おそらく、早くロングしたい焦りと期待が、判断を狂わせてしまったのかもしれません。
昔、ボクが自宅の小さな庭のレイアウト図面を引いていたとき、横幅2mしかないのに、4mぐらいなイメージでとらえてしまったことがありますが、大きく見えるのが「期待」の怖いところです。
今回のような、どっちつかずエリアで、売り買い両方の動きに対応するには、予め、自分の正面と背面の両方に、銃座を構えておく必要があります。
それでも、完全に50:50なニュートラルでいることは難しく、買い目線が正面なら、それが完全に失敗したところからしか、背面に回れません。
たとえば、戻り売りを正面として構えていれば、緑の高値更新失敗のあと、白〇で上に行く力がないと観てショートできますが、バイアスが少しでも買いに傾いていれば、おそらく躊躇してしまうでしょう。
なぜなら、グレーゾーンを下抜けても、1.1950サポートから、プルバックする可能性を拭えないからです。
押し目買いの失敗が、ある程度確信認できるのは、このプルバックによる上昇が、赤破線辺りで止まるか、売りの勢いが強すぎて、プルバックさえできなかったところ、つまりピンク〇です。

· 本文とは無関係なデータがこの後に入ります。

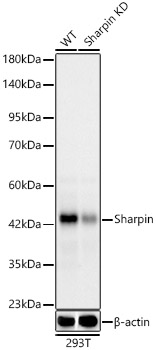 [KD Validated] Sharpin Rabbit monoclonal antibody
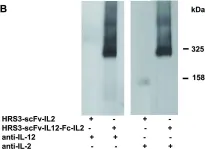 Fig.2.B showing Western Blotting from the publication: An IL12-IL2-antibody fusion protein targeting Hodgkin's lymphoma cells potentiates activation of NK and T cells for an anti-tumor attack.
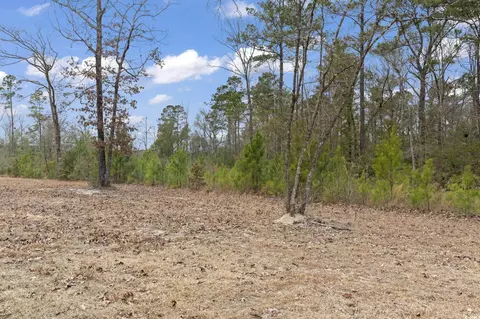 641 Gene Dr, Hemingway, SC 29554 photo 12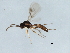  ( - 09BBHYM-966)  @13 [ ] CreativeCommons - Attribution (2010) Unspecified Centre for Biodiversity Genomics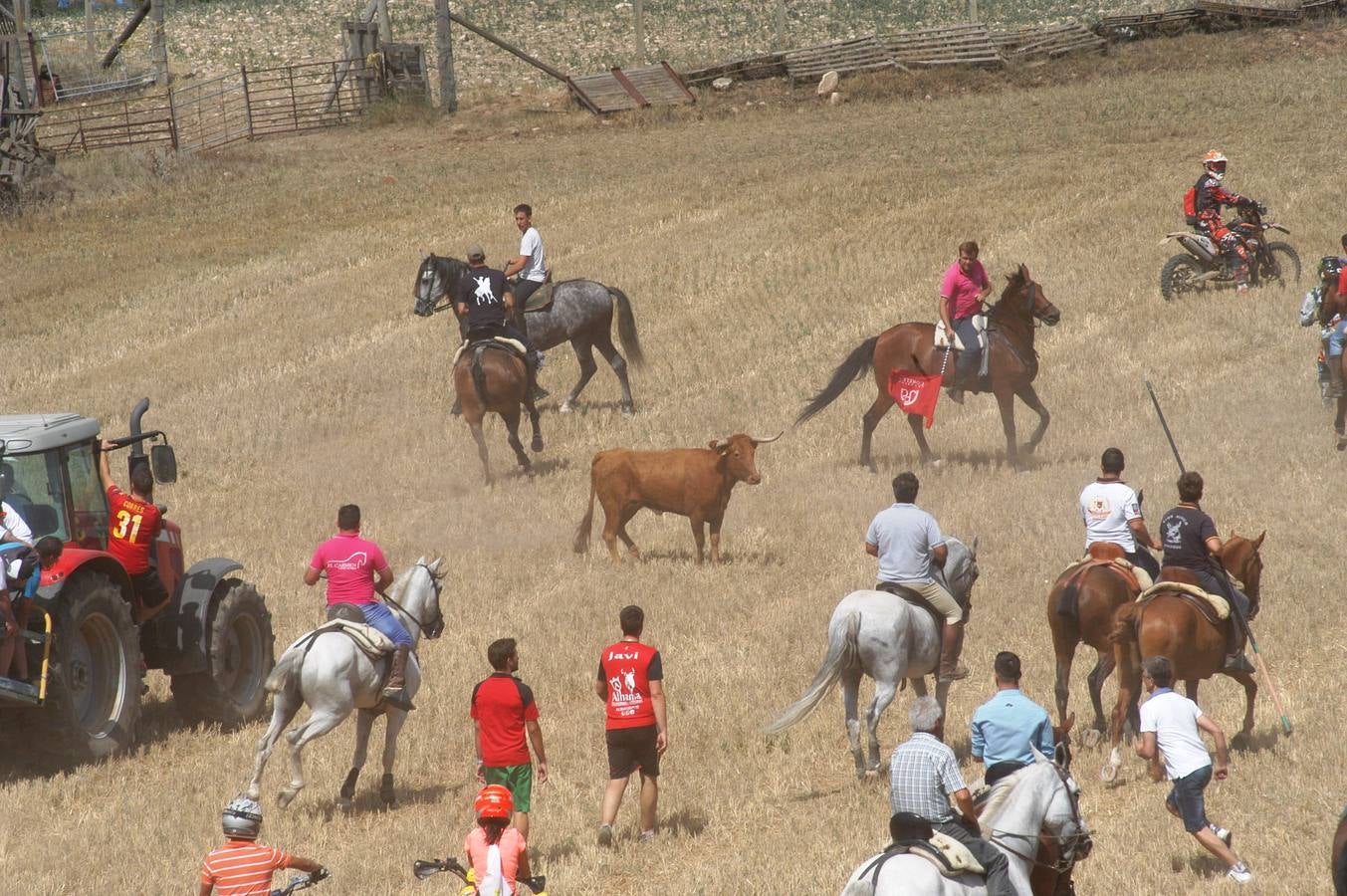 Las imágenes del tradicional festejo durante las fiestas de Valverde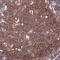Leukocyte surface antigen CD53 antibody, NBP2-14464, Novus Biologicals, Immunohistochemistry paraffin image 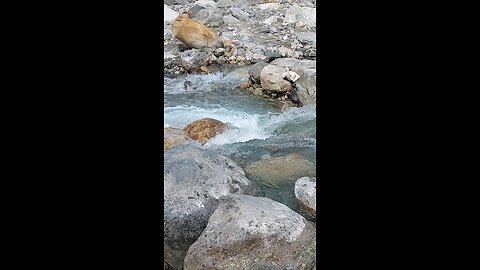 Maldevta Dehradun | The Sound of River | Epic Travel Stories #Dehradun #Maldevta #rumble #viral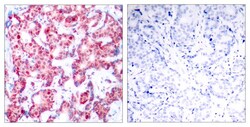 Invitrogen Phospho-GATA1 (Ser142) Polyclonal Antibody 100 &mu;L; Unconjugated:Antibodies,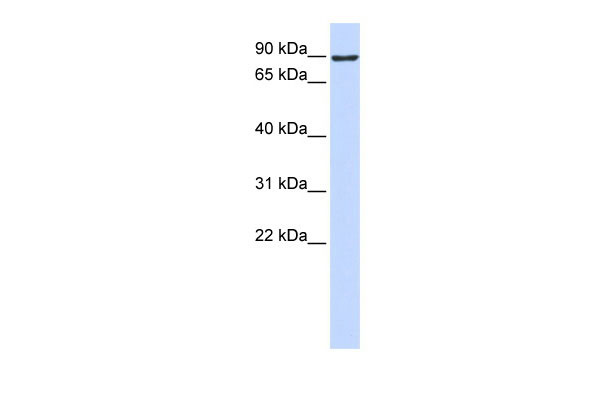 1 - ATMIN antibody - middle region AI10370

もともと、このグレーゾーンは戻り売り候補でもあるので、戻り売りが入り始めるとドンドン売りが入ってきますし、それに合わせて買いポジは逃げ出します。
NY市場がオープンしたことも手伝って、ほぼ、戻りをつけずに下がっていきました。下げの勢いが強く、レートも-2σの外側にあります。
昔のランドセルは赤と黒しかありませんでしたが、今や、ピンクやブルーもあります。ひとつの正解を良しとした昭和と違って、今は、人それぞれに違う答えあって良しの時代です。
トレードも、ひとつの正解などありません。
それぞれの状況で、仮説をたて検証し「納得解」を得ることが求められます。
今回の投稿を拝見すると、エントリータイミングに関しては、目先の動きに翻弄されている感がありますが、大枠の、相場観としては、WAMUさんのような解釈もできます。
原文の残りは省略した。